Indifference toward sacred music is all the more blameworthy insofar as such an attitude in fact conceals a total lack of interest in the liturgy itself. I am talking about the liturgy and sacred music, and not about their vile substitutes.
The authenticity of the liturgical experience is not confirmed by the enthusiastic welcome of the moment, by the crowd pressing in against the aged pontiff. The liturgy is authentic through the charity that works invisibly, and is nourished by the silence of adoration.
This is the silence from which Gregorian chant was born more than a thousand years ago, a silence that even today is the only vital space in which the new singing for the liturgy of tomorrow can take shape. [...]
Forgive me, brothers and sons! May God grant me a son’s audacity to turn to Him, aided by the singing of your assemblies.
Exert yourselves in finding, in the fear and trembling of adoration, the way to recover Gregorian chant: the guide along our journey of faith, the light that illumines the words of the eternal Father and of his blessed Son, in the gentle power of the Spirit. Amen!
_________
Giacomo Baroffio, the author of the texts presented above, is one of the world’s foremost scholars of Gregorian chant, ancient Roman chant, Ambrosian chant, and medieval liturgies.
He teaches the history of medieval music and the history of the liturgy at the University of Pavia – in the faculty of musicology in Cremona – and medieval musical paleography at the Catholic University of Milan.

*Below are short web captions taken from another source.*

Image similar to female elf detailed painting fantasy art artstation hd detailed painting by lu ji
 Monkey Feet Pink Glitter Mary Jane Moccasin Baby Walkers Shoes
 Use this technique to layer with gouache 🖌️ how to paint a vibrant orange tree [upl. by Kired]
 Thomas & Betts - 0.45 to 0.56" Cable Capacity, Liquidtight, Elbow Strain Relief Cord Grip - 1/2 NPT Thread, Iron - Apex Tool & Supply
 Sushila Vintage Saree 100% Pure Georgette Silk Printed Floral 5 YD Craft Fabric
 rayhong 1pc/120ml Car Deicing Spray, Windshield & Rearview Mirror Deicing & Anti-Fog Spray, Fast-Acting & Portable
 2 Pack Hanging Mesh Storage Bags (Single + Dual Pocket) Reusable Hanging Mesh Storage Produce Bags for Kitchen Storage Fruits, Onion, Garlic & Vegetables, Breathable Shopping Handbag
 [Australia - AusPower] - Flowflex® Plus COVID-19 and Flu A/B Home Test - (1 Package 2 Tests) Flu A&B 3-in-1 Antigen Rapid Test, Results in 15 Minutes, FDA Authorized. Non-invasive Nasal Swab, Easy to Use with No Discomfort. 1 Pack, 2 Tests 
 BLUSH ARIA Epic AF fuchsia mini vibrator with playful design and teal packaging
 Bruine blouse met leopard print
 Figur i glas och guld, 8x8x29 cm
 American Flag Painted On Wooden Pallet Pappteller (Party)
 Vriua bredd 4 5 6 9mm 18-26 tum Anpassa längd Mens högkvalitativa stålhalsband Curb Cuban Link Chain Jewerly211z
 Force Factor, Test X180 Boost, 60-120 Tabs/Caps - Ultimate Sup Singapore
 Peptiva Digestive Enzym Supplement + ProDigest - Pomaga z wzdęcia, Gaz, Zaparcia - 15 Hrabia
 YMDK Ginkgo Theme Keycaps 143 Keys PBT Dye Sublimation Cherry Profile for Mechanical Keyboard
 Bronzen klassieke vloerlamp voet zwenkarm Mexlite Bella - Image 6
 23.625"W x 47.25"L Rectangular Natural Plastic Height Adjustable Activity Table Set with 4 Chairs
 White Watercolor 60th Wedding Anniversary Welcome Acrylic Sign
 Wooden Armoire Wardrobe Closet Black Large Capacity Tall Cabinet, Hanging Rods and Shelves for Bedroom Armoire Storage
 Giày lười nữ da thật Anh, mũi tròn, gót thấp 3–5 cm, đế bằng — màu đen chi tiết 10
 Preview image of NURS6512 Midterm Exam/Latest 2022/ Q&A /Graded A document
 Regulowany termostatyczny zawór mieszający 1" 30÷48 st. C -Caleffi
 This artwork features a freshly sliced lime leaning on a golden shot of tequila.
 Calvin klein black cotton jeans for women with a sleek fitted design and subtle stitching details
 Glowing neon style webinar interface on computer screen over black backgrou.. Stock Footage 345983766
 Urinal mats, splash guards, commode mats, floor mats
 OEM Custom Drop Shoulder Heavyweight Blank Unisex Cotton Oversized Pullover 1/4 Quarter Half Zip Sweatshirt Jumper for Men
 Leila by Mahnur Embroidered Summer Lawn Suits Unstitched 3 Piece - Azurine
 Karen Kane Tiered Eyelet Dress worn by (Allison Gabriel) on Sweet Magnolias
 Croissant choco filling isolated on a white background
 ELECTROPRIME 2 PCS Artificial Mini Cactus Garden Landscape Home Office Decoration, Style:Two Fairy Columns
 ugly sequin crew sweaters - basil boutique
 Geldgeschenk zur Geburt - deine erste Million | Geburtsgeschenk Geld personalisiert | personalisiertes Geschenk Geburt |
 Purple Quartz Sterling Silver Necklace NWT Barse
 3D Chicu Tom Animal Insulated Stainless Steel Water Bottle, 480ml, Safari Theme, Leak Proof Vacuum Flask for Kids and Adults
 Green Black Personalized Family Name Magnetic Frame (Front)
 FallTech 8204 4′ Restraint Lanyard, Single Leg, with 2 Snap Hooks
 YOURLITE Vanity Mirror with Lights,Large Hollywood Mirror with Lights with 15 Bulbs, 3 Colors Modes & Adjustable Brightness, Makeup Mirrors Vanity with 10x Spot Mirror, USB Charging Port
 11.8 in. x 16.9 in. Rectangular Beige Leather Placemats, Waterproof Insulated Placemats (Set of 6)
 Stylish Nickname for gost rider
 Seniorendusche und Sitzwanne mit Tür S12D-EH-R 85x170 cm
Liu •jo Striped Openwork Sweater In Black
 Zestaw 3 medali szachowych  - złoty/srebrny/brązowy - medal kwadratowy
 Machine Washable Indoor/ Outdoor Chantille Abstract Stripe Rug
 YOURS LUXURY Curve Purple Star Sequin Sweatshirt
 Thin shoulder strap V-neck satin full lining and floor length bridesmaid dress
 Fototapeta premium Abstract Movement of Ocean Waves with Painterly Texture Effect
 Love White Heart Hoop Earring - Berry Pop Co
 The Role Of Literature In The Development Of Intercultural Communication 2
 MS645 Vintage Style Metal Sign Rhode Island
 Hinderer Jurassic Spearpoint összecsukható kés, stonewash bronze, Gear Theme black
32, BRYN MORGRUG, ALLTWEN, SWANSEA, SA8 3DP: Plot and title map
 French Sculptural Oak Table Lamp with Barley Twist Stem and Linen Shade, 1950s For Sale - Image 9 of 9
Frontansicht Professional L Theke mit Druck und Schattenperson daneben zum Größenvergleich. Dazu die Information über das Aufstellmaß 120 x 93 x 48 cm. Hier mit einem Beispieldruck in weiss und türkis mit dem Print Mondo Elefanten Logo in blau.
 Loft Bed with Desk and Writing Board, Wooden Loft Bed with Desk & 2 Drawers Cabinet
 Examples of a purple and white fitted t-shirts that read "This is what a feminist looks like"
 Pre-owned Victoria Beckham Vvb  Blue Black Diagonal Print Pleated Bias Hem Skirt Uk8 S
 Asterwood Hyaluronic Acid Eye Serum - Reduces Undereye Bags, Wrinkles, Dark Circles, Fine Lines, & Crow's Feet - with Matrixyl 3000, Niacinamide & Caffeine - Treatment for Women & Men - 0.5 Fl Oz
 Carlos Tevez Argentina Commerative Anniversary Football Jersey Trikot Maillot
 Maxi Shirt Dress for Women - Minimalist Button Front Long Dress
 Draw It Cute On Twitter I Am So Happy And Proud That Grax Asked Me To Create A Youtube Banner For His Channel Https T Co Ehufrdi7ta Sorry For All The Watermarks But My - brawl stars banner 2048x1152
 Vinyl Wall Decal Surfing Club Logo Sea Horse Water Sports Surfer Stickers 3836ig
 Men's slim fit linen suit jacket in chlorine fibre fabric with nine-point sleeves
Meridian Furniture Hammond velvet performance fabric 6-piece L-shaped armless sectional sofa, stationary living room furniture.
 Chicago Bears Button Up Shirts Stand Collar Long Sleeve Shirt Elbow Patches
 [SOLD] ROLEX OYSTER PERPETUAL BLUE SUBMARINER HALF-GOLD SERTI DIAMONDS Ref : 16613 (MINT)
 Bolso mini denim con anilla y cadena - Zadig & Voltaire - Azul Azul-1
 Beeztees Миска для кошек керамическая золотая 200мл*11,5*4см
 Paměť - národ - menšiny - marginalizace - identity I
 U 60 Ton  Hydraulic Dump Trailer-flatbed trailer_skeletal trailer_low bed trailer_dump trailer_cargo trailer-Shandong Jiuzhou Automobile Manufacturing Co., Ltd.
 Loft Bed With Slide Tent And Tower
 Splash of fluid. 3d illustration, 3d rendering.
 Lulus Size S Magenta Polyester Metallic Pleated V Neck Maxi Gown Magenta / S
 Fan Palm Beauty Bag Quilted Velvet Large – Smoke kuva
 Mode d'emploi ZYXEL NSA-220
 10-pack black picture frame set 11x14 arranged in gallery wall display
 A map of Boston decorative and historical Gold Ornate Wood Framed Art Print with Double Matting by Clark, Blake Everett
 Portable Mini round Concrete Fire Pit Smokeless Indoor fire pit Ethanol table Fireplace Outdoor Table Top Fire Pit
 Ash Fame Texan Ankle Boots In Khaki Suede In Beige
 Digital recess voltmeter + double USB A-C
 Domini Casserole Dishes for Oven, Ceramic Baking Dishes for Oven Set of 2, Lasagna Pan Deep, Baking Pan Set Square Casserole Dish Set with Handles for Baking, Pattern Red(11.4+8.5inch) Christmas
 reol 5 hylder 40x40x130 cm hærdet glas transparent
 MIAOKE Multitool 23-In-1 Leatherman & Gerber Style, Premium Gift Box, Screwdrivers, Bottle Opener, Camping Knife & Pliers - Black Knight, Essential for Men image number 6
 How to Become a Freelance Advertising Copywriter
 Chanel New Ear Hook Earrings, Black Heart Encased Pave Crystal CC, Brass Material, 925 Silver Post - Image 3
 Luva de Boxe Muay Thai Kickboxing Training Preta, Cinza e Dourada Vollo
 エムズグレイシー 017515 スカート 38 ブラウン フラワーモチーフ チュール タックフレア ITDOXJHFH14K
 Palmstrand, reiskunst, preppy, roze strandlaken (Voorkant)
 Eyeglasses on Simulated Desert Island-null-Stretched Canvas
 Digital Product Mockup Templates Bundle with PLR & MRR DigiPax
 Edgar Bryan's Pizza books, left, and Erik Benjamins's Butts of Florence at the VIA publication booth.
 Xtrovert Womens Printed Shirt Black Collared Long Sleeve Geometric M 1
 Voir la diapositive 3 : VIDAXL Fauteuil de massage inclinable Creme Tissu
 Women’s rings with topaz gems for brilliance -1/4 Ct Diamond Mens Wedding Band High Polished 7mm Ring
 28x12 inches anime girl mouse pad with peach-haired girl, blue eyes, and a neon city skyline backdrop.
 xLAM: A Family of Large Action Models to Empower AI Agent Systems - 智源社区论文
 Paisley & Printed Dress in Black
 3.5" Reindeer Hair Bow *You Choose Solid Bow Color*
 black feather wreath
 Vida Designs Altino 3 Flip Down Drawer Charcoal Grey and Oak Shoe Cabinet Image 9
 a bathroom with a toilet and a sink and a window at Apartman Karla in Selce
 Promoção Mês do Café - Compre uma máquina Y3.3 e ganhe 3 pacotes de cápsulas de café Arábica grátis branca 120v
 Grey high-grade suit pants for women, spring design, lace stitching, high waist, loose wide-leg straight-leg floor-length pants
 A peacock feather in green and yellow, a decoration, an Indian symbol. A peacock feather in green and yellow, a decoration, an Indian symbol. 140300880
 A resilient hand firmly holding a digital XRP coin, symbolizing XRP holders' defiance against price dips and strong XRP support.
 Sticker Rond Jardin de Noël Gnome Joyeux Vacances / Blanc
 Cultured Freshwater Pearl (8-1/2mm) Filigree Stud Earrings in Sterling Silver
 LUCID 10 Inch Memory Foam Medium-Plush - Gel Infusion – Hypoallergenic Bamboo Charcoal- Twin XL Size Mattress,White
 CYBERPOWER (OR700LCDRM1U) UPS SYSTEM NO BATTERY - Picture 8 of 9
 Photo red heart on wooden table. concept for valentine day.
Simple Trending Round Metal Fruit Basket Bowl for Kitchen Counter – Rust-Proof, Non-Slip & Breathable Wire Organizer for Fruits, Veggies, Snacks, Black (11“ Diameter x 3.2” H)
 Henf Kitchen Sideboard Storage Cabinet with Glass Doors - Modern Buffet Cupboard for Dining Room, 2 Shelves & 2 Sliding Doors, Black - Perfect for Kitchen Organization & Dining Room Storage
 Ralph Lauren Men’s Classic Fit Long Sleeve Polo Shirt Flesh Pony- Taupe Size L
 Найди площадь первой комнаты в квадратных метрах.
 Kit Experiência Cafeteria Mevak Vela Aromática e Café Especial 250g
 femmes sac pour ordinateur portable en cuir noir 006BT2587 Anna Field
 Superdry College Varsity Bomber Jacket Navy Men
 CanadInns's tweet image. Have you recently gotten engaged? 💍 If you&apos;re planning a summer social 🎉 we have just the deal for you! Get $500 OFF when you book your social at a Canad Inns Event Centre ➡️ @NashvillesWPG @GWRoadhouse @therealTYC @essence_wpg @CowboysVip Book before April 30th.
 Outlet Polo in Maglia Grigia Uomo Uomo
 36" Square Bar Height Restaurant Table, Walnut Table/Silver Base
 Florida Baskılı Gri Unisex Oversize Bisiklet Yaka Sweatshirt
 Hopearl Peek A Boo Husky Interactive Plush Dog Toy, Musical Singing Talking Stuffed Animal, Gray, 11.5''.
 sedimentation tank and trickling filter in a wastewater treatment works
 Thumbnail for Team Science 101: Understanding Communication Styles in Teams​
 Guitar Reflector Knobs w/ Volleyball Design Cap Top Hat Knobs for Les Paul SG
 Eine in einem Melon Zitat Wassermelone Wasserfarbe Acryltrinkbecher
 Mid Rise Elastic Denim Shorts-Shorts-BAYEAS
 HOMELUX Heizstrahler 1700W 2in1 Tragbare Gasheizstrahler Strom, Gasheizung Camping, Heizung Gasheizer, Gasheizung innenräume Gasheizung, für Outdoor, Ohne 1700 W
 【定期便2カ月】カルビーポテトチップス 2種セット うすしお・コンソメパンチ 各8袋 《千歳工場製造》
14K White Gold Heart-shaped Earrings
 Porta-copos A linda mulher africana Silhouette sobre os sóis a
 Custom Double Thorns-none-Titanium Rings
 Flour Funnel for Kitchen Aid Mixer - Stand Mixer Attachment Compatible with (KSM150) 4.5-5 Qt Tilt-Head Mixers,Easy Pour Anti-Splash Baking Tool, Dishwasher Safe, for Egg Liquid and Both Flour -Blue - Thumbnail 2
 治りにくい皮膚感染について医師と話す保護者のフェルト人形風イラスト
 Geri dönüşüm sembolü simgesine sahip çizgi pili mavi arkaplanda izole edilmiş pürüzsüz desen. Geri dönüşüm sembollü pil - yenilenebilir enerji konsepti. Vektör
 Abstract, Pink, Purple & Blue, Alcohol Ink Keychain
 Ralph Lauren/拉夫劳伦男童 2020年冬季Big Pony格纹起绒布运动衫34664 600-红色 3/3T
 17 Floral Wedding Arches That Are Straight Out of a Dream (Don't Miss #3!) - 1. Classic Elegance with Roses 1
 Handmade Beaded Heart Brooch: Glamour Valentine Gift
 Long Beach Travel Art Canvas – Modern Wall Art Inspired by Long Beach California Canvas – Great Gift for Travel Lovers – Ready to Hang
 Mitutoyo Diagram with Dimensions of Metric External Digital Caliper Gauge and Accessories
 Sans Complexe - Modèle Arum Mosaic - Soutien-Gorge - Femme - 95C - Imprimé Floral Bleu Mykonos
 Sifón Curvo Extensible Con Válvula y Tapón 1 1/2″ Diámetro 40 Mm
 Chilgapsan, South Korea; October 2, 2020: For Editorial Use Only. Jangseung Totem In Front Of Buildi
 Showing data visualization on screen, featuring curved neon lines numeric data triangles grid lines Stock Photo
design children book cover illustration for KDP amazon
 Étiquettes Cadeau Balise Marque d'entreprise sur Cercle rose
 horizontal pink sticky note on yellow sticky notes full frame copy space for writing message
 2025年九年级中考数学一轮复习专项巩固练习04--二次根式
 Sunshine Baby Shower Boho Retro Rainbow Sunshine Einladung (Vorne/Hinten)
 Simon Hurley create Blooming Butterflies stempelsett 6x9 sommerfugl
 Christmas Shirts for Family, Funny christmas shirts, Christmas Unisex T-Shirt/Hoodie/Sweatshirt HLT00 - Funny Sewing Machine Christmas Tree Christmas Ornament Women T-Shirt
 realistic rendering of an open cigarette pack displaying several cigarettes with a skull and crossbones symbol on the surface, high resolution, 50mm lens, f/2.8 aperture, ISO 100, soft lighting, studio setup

From 1982 to 1995, he has been an instructor of Gregorian chant, and rector of the Pontifical Institute of Sacred Music in Rome, the Holy See’s musical conservatory.
Born in Novara in 1940, he studied violin and harmony in Italy, musicology, art history, philosophy, and liturgy in Germany, and in Rome – as a Benedictine – theology and monastic spirituality.
He is director of the “Rivista Internazionale di Musica Sacra.” He is the author of books and essays published in multiple languages. He has produced and conducted recordings of Gregorian and Ambrosian chant.